I guess that is why the experience a video game provides me with matters so much. I am a die-hard proponent of realism in sporting games -- fervent even -- and if you use these games as an escape from piss-poor performances, you probably are as well. I want, at all times, for my games to come as close to re-creating the actual experience of the sport as humanly possible because, when they fall short, it only serves to undermine the illusion and enjoyment of the experience.
Now, let me also say this: we are living in a golden age of gaming. More and more attention and respect are being given to the pastime, and the development of marquee titles is now given its proper due as an art form. On top of that, we have got incredibly powerful systems now that, when used to their potential, provide photorealistic graphics and nearly instantaneous processing. There is honestly no excuse for lackluster games that offend both our aesthetic and gaming sensibilities.

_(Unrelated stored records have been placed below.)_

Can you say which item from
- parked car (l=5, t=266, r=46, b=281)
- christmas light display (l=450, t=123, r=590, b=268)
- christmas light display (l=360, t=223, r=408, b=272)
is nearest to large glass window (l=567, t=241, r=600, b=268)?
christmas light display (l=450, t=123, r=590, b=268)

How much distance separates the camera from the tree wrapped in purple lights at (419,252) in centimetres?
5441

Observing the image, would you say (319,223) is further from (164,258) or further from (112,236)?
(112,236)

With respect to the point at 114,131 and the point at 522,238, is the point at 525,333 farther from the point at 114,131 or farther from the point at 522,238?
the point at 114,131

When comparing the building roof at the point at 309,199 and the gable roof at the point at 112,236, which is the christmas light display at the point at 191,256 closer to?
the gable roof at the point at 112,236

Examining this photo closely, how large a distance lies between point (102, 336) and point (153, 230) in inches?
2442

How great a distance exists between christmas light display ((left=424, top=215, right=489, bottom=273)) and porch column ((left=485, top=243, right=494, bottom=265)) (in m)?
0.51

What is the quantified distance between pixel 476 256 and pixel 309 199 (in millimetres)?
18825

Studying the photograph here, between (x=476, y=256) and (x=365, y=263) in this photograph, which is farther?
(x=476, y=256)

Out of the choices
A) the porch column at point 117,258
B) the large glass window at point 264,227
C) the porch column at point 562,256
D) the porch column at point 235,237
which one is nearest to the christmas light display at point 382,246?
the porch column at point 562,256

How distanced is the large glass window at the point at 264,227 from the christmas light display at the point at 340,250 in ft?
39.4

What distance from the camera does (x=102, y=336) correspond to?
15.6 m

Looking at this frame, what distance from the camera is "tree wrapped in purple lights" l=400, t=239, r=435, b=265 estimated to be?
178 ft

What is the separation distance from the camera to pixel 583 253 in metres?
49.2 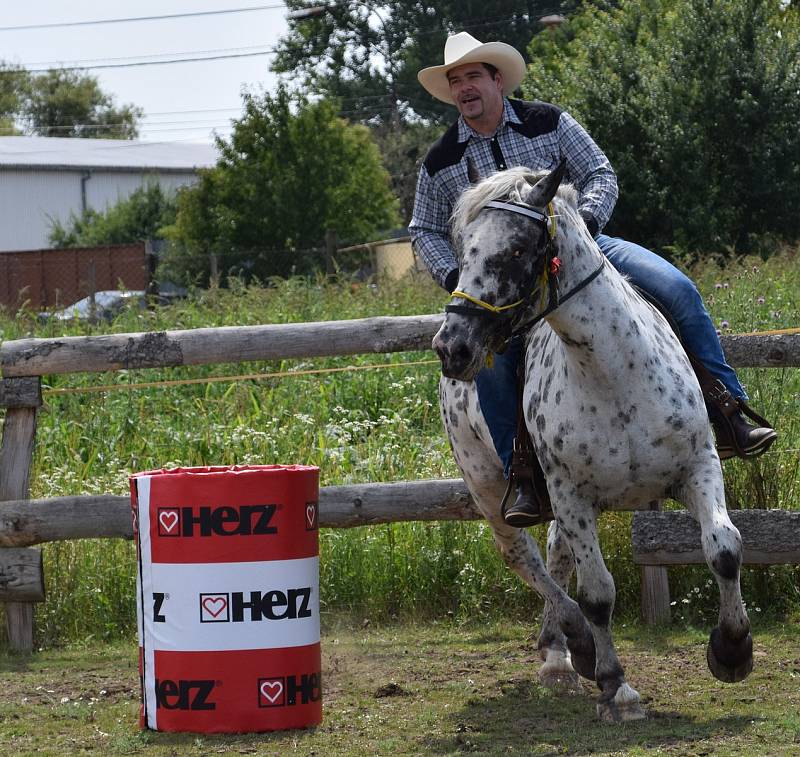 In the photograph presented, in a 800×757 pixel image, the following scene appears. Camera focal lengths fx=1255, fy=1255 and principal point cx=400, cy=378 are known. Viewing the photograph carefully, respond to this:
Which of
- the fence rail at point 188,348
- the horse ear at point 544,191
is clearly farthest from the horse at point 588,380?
the fence rail at point 188,348

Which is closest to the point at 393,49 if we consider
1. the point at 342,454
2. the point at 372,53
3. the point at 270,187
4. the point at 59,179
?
the point at 372,53

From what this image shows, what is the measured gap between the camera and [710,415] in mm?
4969

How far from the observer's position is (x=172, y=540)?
4594 millimetres

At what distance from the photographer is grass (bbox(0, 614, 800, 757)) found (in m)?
4.50

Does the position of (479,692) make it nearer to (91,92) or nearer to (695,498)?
(695,498)

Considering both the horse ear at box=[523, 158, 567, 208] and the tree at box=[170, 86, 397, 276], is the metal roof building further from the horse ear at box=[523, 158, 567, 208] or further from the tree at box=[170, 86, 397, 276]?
the horse ear at box=[523, 158, 567, 208]

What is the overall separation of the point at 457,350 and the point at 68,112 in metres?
77.0

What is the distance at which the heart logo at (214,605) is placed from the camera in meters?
4.54

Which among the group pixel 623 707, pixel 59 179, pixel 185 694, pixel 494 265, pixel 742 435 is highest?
pixel 59 179

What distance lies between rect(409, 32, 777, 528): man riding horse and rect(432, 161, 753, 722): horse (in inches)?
6.6

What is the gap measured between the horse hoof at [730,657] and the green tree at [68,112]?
7562cm

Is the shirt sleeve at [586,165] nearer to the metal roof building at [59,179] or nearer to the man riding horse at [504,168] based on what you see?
the man riding horse at [504,168]

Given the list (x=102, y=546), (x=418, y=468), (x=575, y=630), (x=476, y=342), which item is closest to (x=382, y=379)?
(x=418, y=468)

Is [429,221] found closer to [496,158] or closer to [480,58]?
[496,158] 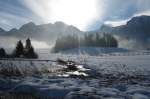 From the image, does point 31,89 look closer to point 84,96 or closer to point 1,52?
point 84,96

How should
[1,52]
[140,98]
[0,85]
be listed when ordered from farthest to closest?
[1,52] → [0,85] → [140,98]

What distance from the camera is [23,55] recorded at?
10906cm

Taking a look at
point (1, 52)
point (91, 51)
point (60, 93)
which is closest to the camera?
point (60, 93)

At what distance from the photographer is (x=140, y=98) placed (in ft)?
50.1

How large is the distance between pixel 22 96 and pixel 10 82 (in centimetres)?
651

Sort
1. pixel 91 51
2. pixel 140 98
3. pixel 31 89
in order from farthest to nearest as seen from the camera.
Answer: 1. pixel 91 51
2. pixel 31 89
3. pixel 140 98

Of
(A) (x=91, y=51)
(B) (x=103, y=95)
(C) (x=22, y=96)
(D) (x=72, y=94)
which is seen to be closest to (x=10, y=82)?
(C) (x=22, y=96)

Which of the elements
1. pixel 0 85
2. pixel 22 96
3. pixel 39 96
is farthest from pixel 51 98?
pixel 0 85

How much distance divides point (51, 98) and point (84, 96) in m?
2.22

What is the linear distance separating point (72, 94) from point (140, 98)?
448 centimetres

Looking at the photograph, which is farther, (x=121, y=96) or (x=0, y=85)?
(x=0, y=85)

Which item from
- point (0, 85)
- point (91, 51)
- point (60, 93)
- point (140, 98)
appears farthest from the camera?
point (91, 51)

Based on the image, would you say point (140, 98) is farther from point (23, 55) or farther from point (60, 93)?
point (23, 55)

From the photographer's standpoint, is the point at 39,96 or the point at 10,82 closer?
the point at 39,96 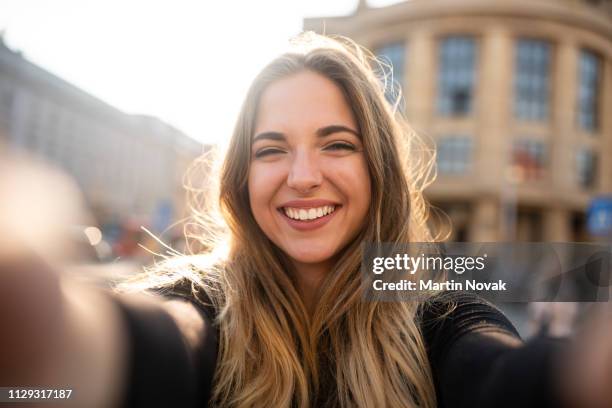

So what I am asking, and I suppose what we deserve, are games that attempt to mirror real-life sporting experiences and create a virtual reality of sorts in which we are able to live out our most vivid sports fantasies. After all, we are paying good money for these games. Fifty to sixty bucks a pop should buy a person plenty in hard economic times, and the type of devotion die-hard fans give to franchises earns them equal parts respect and care.
Ironically, as I was finishing this article, it came across the wire that Aramis Ramirez had re-injured the same thumb that had kept him on the disabled list earlier in the year. Ramirez, once considered an integral piece of the Cubs' World Series puzzle, has bounced from the field to the trainer's room all year and, when manning third base, has looked sluggish and inept at the dish. On top of that, he does not seem to care all that much about his or the team's struggles. In what can only be considered more salt being poured into the Cubbies' gaping wounds, Ramirez is making $15 million dollars this year.
When considering this, and the type of torture I have had to endure as a loyal fan to a franchise that has discovered and invented new ways to lose spectacularly, isn't it fair to say I deserve a little bit of an escape? Would it be so much to ask that when I string together a particularly well played virtual World Series against the Minnesota Twins that I feel at least a fraction of the satisfaction an actual title would bring? Don't I deserve that? Don't all of us miserable misfits who didn't have the good sense to pick a decent team deserve at least that?